**Exercise directions**
Set down every line of the data exactly, skipping the pictures.

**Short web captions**

== Segment start ==

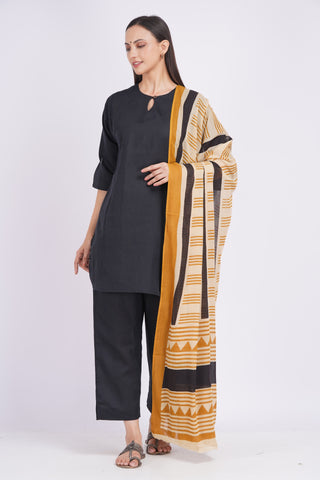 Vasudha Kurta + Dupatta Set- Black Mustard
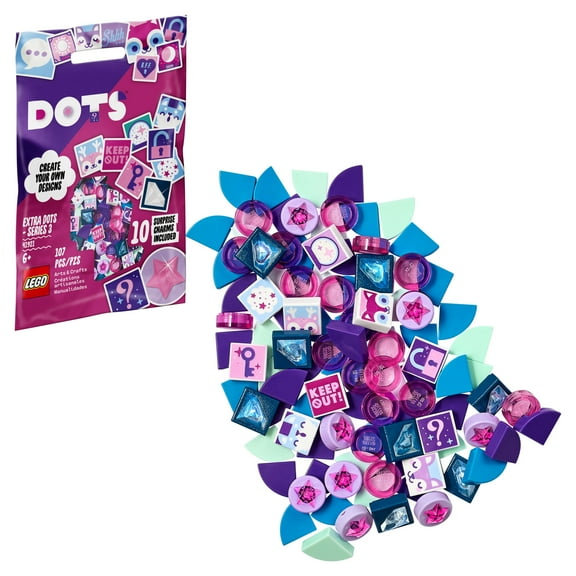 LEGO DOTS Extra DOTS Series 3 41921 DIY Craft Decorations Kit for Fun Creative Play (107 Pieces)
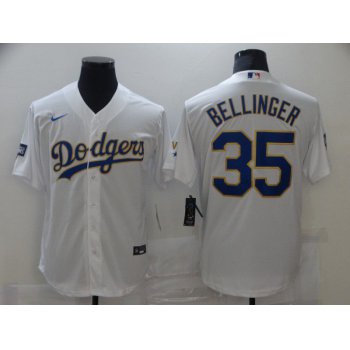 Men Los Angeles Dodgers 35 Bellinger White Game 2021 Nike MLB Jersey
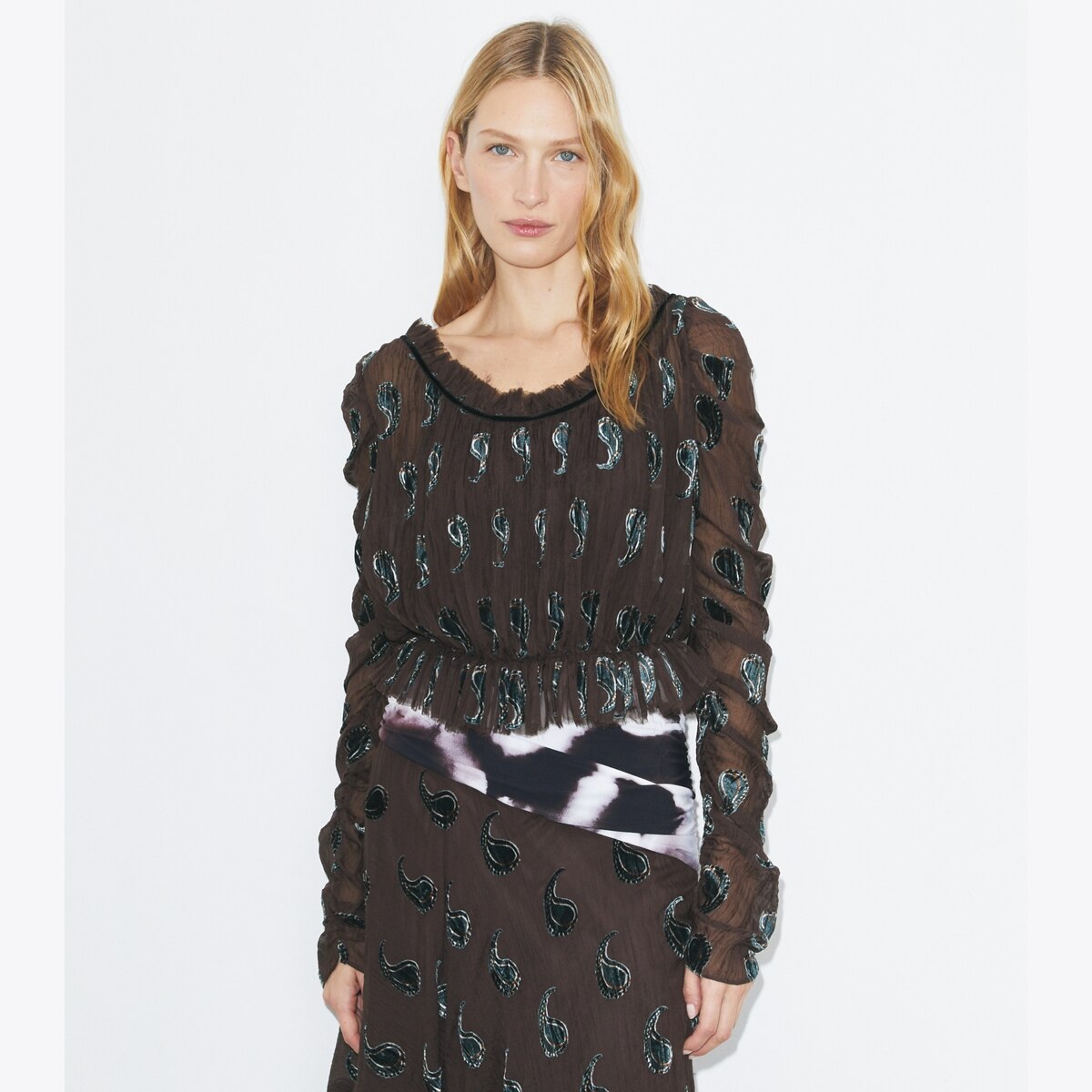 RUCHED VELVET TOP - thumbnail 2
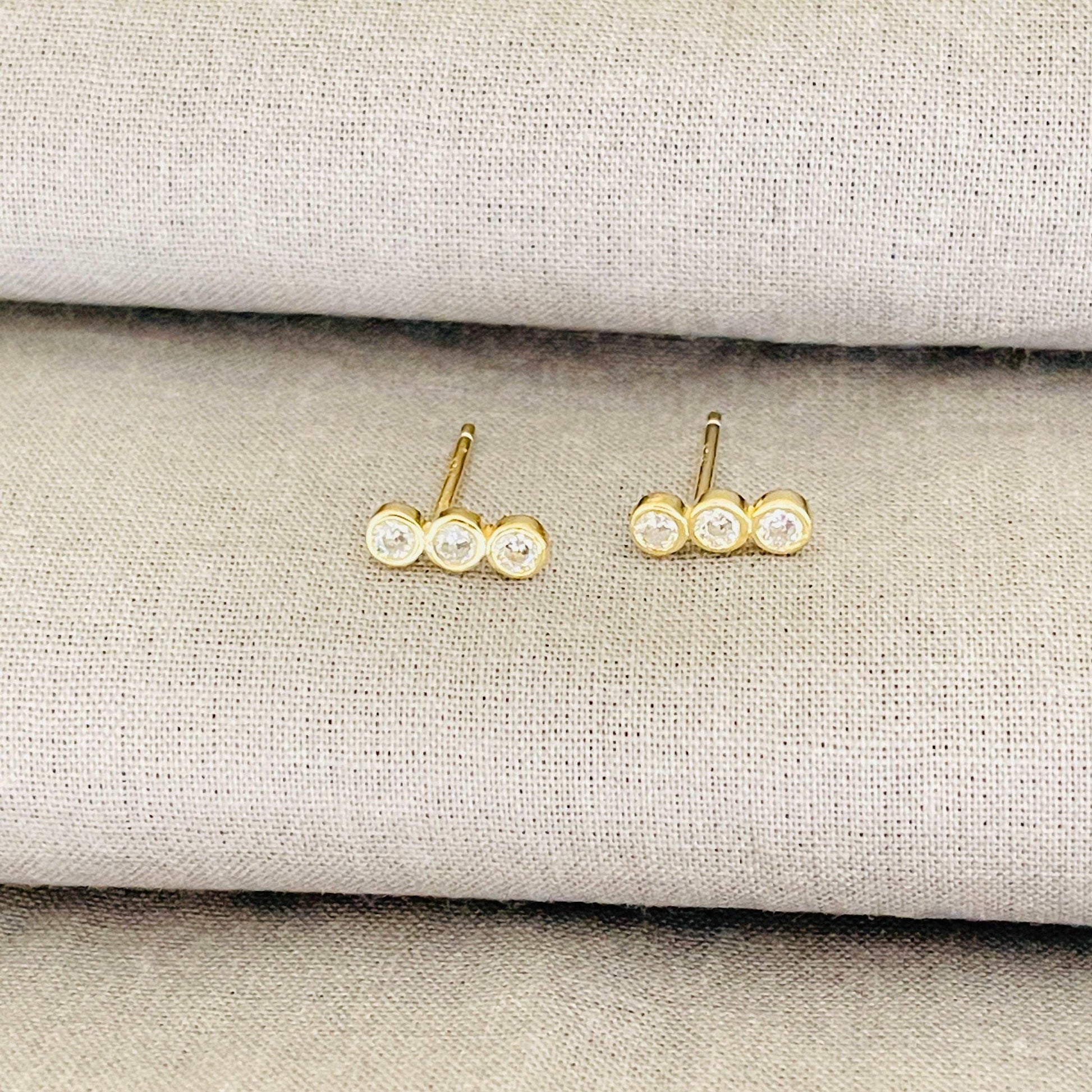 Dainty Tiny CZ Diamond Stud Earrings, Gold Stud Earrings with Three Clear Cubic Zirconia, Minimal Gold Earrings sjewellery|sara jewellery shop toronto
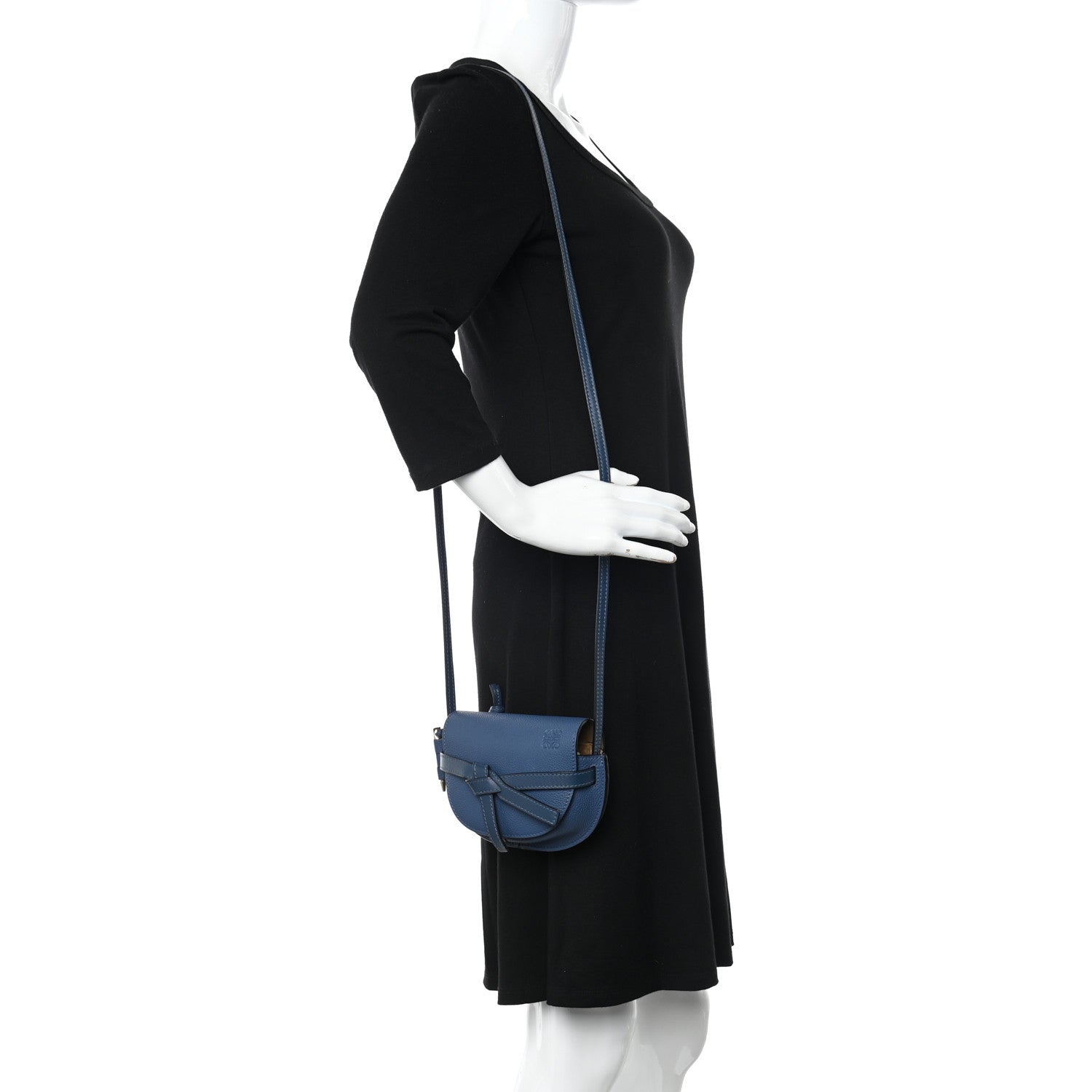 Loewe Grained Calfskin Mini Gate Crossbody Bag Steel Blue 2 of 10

== Segment end ==

**Output**
 Vasudha Kurta + Dupatta Set- Black Mustard
 LEGO DOTS Extra DOTS Series 3 41921 DIY Craft Decorations Kit for Fun Creative Play (107 Pieces)
 Men Los Angeles Dodgers 35 Bellinger White Game 2021 Nike MLB Jersey
 RUCHED VELVET TOP - thumbnail 2
 Dainty Tiny CZ Diamond Stud Earrings, Gold Stud Earrings with Three Clear Cubic Zirconia, Minimal Gold Earrings sjewellery|sara jewellery shop toronto
 Loewe Grained Calfskin Mini Gate Crossbody Bag Steel Blue 2 of 10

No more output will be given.